RIP Roberta Flack (1937-2025)
24th February 2025 · 1980, 1980s, 2020s, 2025, Disco, Music, R.I.P., SoulRoberta Flack sang two or three of the greatest and most ubiquitous songs in what you might call the Easy Listening Soul genre. But there was much more to her than that. A fantastic afro, for one thing; and the middle name Cleopatra for another… and this tune.
I’m not sure she’s really a soul singer in the same category as Aretha Franklin or Gladys Knight; then again, nor is Diana Ross. One music source describes Flack as “classy, urbane, reserved, smooth, and sophisticated” which covers it pretty well without resorting to any genre label.
This song, written by Stevie Wonder – that’s him, submerged in the mix, rapping gently in the middle, as well as playing drums and keyboards – comes from what was intended as her second album of duets with Donny Hathaway.
Sadly it ended up as a solo album because Hathaway took his own life after recording only two songs for it. And this song – without Hathaway but with Stevie Wonder rapping quietly in the background – is the highlight for me.

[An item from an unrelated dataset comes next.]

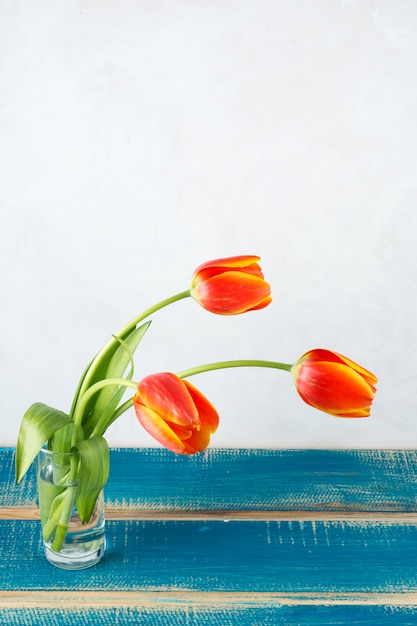 Free photo red tulips in glass vase on wooden table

In fact, with its bubbling bassline by Nathan Watts, it’s my favourite Flack recording, along with a saucy ode to a hot priest called Reverend Lee. And that bassline propelled a 12-inch disco mix that took easy-listening Roberta into the clubs for the first time.
Like most others, I first heard her hauntingly beautiful voice in 1972 when The First Time Ever I Saw Your Face was used by Clint Eastwood to soundtrack a passionate scene in his film Play Misty For Me.

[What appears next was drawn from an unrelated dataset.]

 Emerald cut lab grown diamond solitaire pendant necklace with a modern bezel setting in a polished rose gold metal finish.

What I didn’t know then was that Flack, who was already 34, had actually recorded it three years earlier, on her debut album First Take, and that it was a folk song, written by Ewan MacColl for Peggy Seeger way back in 1957.
It was such a huge hit for Flack that it not only topped charts all over the world but won her a Grammy for Record of the Year; a feat she repeated the following year with the equally memorable Killing Me Softly With His Song.
A Southern gal, Roberta took up the piano when she was nine and started playing hymns and spirituals with her local church choir. At 15 she won a scholarship to study classical piano at Howard University in Washington DC – one of the youngest students to enrol there.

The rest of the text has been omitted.